▶ **Prompt**: Reproduce the full set of records verbatim.

▶ **Data provided**:
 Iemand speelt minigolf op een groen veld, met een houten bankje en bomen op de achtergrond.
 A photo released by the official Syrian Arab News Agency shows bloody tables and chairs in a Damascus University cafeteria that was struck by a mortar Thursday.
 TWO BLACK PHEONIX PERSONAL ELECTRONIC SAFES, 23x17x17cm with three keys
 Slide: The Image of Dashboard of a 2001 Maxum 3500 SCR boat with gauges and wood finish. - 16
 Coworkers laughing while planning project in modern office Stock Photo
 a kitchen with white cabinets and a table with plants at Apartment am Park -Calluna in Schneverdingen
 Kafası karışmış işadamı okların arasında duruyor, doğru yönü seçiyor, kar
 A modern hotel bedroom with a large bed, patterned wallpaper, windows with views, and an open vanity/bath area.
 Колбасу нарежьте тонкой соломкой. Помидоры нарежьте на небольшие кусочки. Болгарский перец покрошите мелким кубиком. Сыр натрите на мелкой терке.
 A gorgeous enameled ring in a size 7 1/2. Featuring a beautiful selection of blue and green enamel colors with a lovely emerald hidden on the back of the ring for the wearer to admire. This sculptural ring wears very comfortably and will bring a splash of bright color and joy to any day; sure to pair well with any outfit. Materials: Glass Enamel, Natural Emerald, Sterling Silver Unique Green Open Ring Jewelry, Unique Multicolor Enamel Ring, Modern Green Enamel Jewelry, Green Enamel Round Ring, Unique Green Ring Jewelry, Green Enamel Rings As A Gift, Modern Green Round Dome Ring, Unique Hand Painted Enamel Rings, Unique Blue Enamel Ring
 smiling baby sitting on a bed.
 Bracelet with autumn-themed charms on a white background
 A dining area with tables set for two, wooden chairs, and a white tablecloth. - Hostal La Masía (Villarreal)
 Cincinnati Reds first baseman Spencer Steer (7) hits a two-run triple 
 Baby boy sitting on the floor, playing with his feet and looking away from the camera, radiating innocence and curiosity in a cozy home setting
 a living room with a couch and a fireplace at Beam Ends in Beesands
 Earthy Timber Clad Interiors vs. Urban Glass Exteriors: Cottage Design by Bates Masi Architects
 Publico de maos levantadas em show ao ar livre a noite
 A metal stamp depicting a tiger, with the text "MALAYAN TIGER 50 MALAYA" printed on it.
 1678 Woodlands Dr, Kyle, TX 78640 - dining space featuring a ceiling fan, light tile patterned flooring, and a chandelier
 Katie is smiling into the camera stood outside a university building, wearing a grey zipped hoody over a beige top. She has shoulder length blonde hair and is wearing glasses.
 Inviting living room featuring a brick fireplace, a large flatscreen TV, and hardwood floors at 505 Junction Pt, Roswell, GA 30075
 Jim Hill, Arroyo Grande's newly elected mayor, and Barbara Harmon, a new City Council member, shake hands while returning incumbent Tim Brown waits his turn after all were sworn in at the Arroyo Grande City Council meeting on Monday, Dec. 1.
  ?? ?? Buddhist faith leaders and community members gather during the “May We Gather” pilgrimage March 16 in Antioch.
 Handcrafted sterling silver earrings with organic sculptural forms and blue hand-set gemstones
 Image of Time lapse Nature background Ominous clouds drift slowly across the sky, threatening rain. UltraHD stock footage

▶ **Solved problem**:
 Iemand speelt minigolf op een groen veld, met een houten bankje en bomen op de achtergrond.
 A photo released by the official Syrian Arab News Agency shows bloody tables and chairs in a Damascus University cafeteria that was struck by a mortar Thursday.
 TWO BLACK PHEONIX PERSONAL ELECTRONIC SAFES, 23x17x17cm with three keys
 Slide: The Image of Dashboard of a 2001 Maxum 3500 SCR boat with gauges and wood finish. - 16
 Coworkers laughing while planning project in modern office Stock Photo
 a kitchen with white cabinets and a table with plants at Apartment am Park -Calluna in Schneverdingen
 Kafası karışmış işadamı okların arasında duruyor, doğru yönü seçiyor, kar
 A modern hotel bedroom with a large bed, patterned wallpaper, windows with views, and an open vanity/bath area.
 Колбасу нарежьте тонкой соломкой. Помидоры нарежьте на небольшие кусочки. Болгарский перец покрошите мелким кубиком. Сыр натрите на мелкой терке.
 A gorgeous enameled ring in a size 7 1/2. Featuring a beautiful selection of blue and green enamel colors with a lovely emerald hidden on the back of the ring for the wearer to admire. This sculptural ring wears very comfortably and will bring a splash of bright color and joy to any day; sure to pair well with any outfit. Materials: Glass Enamel, Natural Emerald, Sterling Silver Unique Green Open Ring Jewelry, Unique Multicolor Enamel Ring, Modern Green Enamel Jewelry, Green Enamel Round Ring, Unique Green Ring Jewelry, Green Enamel Rings As A Gift, Modern Green Round Dome Ring, Unique Hand Painted Enamel Rings, Unique Blue Enamel Ring
 smiling baby sitting on a bed.
 Bracelet with autumn-themed charms on a white background
 A dining area with tables set for two, wooden chairs, and a white tablecloth. - Hostal La Masía (Villarreal)
 Cincinnati Reds first baseman Spencer Steer (7) hits a two-run triple 
 Baby boy sitting on the floor, playing with his feet and looking away from the camera, radiating innocence and curiosity in a cozy home setting
 a living room with a couch and a fireplace at Beam Ends in Beesands
 Earthy Timber Clad Interiors vs. Urban Glass Exteriors: Cottage Design by Bates Masi Architects
 Publico de maos levantadas em show ao ar livre a noite
 A metal stamp depicting a tiger, with the text "MALAYAN TIGER 50 MALAYA" printed on it.
 1678 Woodlands Dr, Kyle, TX 78640 - dining space featuring a ceiling fan, light tile patterned flooring, and a chandelier
 Katie is smiling into the camera stood outside a university building, wearing a grey zipped hoody over a beige top. She has shoulder length blonde hair and is wearing glasses.
 Inviting living room featuring a brick fireplace, a large flatscreen TV, and hardwood floors at 505 Junction Pt, Roswell, GA 30075
 Jim Hill, Arroyo Grande's newly elected mayor, and Barbara Harmon, a new City Council member, shake hands while returning incumbent Tim Brown waits his turn after all were sworn in at the Arroyo Grande City Council meeting on Monday, Dec. 1.
  ?? ?? Buddhist faith leaders and community members gather during the “May We Gather” pilgrimage March 16 in Antioch.
 Handcrafted sterling silver earrings with organic sculptural forms and blue hand-set gemstones
 Image of Time lapse Nature background Ominous clouds drift slowly across the sky, threatening rain. UltraHD stock footage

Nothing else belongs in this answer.